- Developer: Voodoo
- Platforms: iOS; Android;
- Release: July 27, 2017
- Genre: Action

= Stack Jump =

2017 video game

Stack Jump is an action video game developed by French studio Voodoo and released for mobile on July 27, 2017.

== Gameplay ==
The game's goal is to tap the screen to make the character jump and land on blocks oncoming from the sides to stack them, gathering points for every successful jump, and climb as high as the player can, avoiding the character to be hit by a block, which ends the level.
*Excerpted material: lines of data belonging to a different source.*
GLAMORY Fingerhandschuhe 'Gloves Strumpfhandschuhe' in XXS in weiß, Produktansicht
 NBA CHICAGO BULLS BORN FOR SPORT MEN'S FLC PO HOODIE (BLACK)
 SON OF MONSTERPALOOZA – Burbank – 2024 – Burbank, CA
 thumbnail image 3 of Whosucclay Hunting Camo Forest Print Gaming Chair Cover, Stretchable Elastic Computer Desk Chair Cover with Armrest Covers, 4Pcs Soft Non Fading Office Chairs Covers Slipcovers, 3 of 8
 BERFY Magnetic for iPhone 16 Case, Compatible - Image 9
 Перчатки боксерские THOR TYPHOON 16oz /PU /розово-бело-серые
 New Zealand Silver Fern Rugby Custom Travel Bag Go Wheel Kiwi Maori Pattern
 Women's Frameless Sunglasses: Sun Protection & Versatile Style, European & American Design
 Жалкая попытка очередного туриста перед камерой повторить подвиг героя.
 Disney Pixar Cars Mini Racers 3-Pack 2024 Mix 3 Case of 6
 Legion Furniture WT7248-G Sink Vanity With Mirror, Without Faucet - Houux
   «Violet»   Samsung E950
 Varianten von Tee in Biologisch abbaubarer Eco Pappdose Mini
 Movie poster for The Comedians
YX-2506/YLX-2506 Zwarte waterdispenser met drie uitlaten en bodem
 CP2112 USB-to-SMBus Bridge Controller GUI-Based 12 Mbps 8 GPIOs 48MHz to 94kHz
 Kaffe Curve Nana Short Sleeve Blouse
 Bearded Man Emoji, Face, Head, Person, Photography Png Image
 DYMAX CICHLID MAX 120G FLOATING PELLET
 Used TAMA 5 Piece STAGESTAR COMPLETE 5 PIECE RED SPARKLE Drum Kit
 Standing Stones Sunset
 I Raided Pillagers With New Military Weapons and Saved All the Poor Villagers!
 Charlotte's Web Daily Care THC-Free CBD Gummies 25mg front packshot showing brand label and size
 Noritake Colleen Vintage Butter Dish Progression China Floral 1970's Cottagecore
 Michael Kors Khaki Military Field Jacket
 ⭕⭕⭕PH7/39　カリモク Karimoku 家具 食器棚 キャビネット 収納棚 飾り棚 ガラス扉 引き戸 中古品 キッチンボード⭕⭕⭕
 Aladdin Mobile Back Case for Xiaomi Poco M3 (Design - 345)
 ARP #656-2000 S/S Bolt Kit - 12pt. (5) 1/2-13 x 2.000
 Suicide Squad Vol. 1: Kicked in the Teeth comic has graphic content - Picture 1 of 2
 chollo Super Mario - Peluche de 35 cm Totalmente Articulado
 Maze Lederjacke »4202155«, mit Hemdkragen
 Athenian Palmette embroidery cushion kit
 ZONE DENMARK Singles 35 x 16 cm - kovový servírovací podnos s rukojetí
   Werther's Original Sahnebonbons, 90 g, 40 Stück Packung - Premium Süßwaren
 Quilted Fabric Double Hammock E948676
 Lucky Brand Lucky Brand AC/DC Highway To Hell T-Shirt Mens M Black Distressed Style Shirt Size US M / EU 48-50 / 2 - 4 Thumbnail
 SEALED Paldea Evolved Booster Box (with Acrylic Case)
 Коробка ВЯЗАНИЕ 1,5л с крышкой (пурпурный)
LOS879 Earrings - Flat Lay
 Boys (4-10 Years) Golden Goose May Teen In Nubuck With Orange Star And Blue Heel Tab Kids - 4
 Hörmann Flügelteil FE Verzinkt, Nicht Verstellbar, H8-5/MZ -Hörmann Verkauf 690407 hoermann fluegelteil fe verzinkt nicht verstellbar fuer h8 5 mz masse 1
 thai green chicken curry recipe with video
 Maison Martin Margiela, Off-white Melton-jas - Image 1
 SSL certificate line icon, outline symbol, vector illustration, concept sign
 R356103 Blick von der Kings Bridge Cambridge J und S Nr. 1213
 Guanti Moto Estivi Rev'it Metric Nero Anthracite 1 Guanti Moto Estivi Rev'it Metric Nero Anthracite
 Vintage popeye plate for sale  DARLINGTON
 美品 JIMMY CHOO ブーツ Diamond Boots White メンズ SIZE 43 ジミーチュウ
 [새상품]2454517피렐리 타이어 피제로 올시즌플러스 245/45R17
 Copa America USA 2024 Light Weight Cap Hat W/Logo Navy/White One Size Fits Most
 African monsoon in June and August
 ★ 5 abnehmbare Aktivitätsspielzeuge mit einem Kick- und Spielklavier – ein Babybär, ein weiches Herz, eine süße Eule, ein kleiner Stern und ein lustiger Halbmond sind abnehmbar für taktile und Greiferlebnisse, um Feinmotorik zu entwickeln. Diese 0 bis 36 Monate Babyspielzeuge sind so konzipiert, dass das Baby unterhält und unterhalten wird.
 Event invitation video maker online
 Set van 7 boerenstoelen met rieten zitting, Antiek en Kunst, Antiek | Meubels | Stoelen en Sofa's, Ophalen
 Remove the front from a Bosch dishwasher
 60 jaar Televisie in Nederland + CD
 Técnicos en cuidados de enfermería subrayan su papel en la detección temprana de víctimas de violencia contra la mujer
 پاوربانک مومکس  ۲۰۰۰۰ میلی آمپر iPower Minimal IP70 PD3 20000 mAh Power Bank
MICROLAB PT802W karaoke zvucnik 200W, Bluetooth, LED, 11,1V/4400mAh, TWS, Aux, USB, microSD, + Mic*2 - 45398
Perfectly stacking a block lined up with the previous block increases the points awarded by jump.

There are currently 39 different characters that can be unlocked by playing.

Apart from the endless game mode, there other 4 modes that have specific characteristics and require the player to reach a certain height to finish, and are subdivided in 12 levels that increase the difficulty and height. "Underwater" slows the down the speed of your jump; "High speed" increases the speed of the oncoming blocks; "Perfect jumps" requires that the player perfectly lines up all blocks until the end of the level; and "Fireball" makes a fireball come from the sides at each jump and the player must jump over it.

== Design ==
The game has simplistic 3D graphics with small stylized characters. There are several different background themes (which also change the appearance of the blocks) that can be chosen along with the characters, apart from the preset and unchangeable themes that the different game modes have. There are multiple characters/monsters that can be used for gameplay, and the blocks change color for every play.

Some characters have their own background themes (for instance, the Frankenstein's monster character is set in a graveyard with graveyard-themed blocks), but the background theme can still be changed.

== Reception ==
The game has been overall complimented by reviewers for the simple gameplay which makes learning how to play easier, overall low difficulty and friendly graphics. It is considered an addictive casual arcade game, but is often remarked to have it harmed due to lack of replay value.

Reviewers, however, criticized it for the invasive advertisement pop-ups and the abusiveness of the price to remove them.